Exercise description:
Retype every entry below without any change.

(Brief descriptive captions)
------------------------------------------------------------

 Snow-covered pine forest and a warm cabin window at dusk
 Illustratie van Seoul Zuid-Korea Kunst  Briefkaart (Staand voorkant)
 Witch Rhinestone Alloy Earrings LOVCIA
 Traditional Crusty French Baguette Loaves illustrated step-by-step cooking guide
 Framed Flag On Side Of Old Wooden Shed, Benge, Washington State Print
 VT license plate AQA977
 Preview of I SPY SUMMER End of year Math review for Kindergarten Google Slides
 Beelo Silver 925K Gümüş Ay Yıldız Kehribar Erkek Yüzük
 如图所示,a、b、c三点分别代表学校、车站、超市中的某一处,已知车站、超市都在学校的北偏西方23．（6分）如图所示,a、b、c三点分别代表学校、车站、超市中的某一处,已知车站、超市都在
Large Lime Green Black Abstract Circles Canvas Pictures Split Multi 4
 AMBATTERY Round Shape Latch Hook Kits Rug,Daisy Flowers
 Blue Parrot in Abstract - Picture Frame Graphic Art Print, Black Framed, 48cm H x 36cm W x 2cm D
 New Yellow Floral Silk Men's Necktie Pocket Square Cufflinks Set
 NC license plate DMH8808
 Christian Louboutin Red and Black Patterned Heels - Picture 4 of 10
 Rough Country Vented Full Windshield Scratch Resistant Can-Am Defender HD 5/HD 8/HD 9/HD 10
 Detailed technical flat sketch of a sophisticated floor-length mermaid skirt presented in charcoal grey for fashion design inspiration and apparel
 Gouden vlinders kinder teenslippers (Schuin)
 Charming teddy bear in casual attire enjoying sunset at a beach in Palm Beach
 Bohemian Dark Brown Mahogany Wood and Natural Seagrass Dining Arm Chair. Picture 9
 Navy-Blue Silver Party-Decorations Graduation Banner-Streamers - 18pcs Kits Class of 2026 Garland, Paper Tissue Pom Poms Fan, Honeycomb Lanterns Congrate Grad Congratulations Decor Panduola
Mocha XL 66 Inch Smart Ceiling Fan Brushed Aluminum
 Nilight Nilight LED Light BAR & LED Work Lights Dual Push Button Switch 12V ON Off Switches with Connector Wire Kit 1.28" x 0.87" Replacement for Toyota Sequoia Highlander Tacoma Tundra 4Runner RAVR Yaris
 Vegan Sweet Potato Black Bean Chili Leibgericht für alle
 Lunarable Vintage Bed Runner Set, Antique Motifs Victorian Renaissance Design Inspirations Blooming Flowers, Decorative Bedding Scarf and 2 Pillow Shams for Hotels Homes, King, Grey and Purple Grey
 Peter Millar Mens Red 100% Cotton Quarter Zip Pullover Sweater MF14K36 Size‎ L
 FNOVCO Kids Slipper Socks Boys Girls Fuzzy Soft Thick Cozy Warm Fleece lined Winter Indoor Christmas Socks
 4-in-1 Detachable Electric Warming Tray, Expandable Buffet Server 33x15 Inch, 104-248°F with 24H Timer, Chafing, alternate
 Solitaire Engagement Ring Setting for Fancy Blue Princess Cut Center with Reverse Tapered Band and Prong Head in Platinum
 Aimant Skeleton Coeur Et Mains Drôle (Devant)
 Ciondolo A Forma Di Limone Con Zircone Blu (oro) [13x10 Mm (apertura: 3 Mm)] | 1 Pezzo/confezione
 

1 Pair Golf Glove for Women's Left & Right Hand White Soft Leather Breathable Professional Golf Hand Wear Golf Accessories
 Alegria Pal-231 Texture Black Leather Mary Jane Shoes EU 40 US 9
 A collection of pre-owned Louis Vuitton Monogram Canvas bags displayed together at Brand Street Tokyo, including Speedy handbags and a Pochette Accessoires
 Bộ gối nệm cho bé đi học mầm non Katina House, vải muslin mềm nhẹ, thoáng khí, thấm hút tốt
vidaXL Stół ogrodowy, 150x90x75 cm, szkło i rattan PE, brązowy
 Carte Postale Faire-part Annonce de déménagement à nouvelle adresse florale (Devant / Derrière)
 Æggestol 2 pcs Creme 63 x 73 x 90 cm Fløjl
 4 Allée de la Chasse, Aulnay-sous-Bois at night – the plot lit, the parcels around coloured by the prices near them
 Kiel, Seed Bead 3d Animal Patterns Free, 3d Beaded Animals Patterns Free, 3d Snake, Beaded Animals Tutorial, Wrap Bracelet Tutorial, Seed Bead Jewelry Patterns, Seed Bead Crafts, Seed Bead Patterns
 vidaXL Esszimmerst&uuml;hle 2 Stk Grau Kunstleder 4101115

------------------------------------------------------------

Response area:
 Snow-covered pine forest and a warm cabin window at dusk
 Illustratie van Seoul Zuid-Korea Kunst  Briefkaart (Staand voorkant)
 Witch Rhinestone Alloy Earrings LOVCIA
 Traditional Crusty French Baguette Loaves illustrated step-by-step cooking guide
 Framed Flag On Side Of Old Wooden Shed, Benge, Washington State Print
 VT license plate AQA977
 Preview of I SPY SUMMER End of year Math review for Kindergarten Google Slides
 Beelo Silver 925K Gümüş Ay Yıldız Kehribar Erkek Yüzük
 如图所示,a、b、c三点分别代表学校、车站、超市中的某一处,已知车站、超市都在学校的北偏西方23．（6分）如图所示,a、b、c三点分别代表学校、车站、超市中的某一处,已知车站、超市都在
Large Lime Green Black Abstract Circles Canvas Pictures Split Multi 4
 AMBATTERY Round Shape Latch Hook Kits Rug,Daisy Flowers
 Blue Parrot in Abstract - Picture Frame Graphic Art Print, Black Framed, 48cm H x 36cm W x 2cm D
 New Yellow Floral Silk Men's Necktie Pocket Square Cufflinks Set
 NC license plate DMH8808
 Christian Louboutin Red and Black Patterned Heels - Picture 4 of 10
 Rough Country Vented Full Windshield Scratch Resistant Can-Am Defender HD 5/HD 8/HD 9/HD 10
 Detailed technical flat sketch of a sophisticated floor-length mermaid skirt presented in charcoal grey for fashion design inspiration and apparel
 Gouden vlinders kinder teenslippers (Schuin)
 Charming teddy bear in casual attire enjoying sunset at a beach in Palm Beach
 Bohemian Dark Brown Mahogany Wood and Natural Seagrass Dining Arm Chair. Picture 9
 Navy-Blue Silver Party-Decorations Graduation Banner-Streamers - 18pcs Kits Class of 2026 Garland, Paper Tissue Pom Poms Fan, Honeycomb Lanterns Congrate Grad Congratulations Decor Panduola
Mocha XL 66 Inch Smart Ceiling Fan Brushed Aluminum
 Nilight Nilight LED Light BAR & LED Work Lights Dual Push Button Switch 12V ON Off Switches with Connector Wire Kit 1.28" x 0.87" Replacement for Toyota Sequoia Highlander Tacoma Tundra 4Runner RAVR Yaris
 Vegan Sweet Potato Black Bean Chili Leibgericht für alle
 Lunarable Vintage Bed Runner Set, Antique Motifs Victorian Renaissance Design Inspirations Blooming Flowers, Decorative Bedding Scarf and 2 Pillow Shams for Hotels Homes, King, Grey and Purple Grey
 Peter Millar Mens Red 100% Cotton Quarter Zip Pullover Sweater MF14K36 Size‎ L
 FNOVCO Kids Slipper Socks Boys Girls Fuzzy Soft Thick Cozy Warm Fleece lined Winter Indoor Christmas Socks
 4-in-1 Detachable Electric Warming Tray, Expandable Buffet Server 33x15 Inch, 104-248°F with 24H Timer, Chafing, alternate
 Solitaire Engagement Ring Setting for Fancy Blue Princess Cut Center with Reverse Tapered Band and Prong Head in Platinum
 Aimant Skeleton Coeur Et Mains Drôle (Devant)
 Ciondolo A Forma Di Limone Con Zircone Blu (oro) [13x10 Mm (apertura: 3 Mm)] | 1 Pezzo/confezione
 

1 Pair Golf Glove for Women's Left & Right Hand White Soft Leather Breathable Professional Golf Hand Wear Golf Accessories
 Alegria Pal-231 Texture Black Leather Mary Jane Shoes EU 40 US 9
 A collection of pre-owned Louis Vuitton Monogram Canvas bags displayed together at Brand Street Tokyo, including Speedy handbags and a Pochette Accessoires
 Bộ gối nệm cho bé đi học mầm non Katina House, vải muslin mềm nhẹ, thoáng khí, thấm hút tốt
vidaXL Stół ogrodowy, 150x90x75 cm, szkło i rattan PE, brązowy
 Carte Postale Faire-part Annonce de déménagement à nouvelle adresse florale (Devant / Derrière)
 Æggestol 2 pcs Creme 63 x 73 x 90 cm Fløjl
 4 Allée de la Chasse, Aulnay-sous-Bois at night – the plot lit, the parcels around coloured by the prices near them
 Kiel, Seed Bead 3d Animal Patterns Free, 3d Beaded Animals Patterns Free, 3d Snake, Beaded Animals Tutorial, Wrap Bracelet Tutorial, Seed Bead Jewelry Patterns, Seed Bead Crafts, Seed Bead Patterns
 vidaXL Esszimmerst&uuml;hle 2 Stk Grau Kunstleder 4101115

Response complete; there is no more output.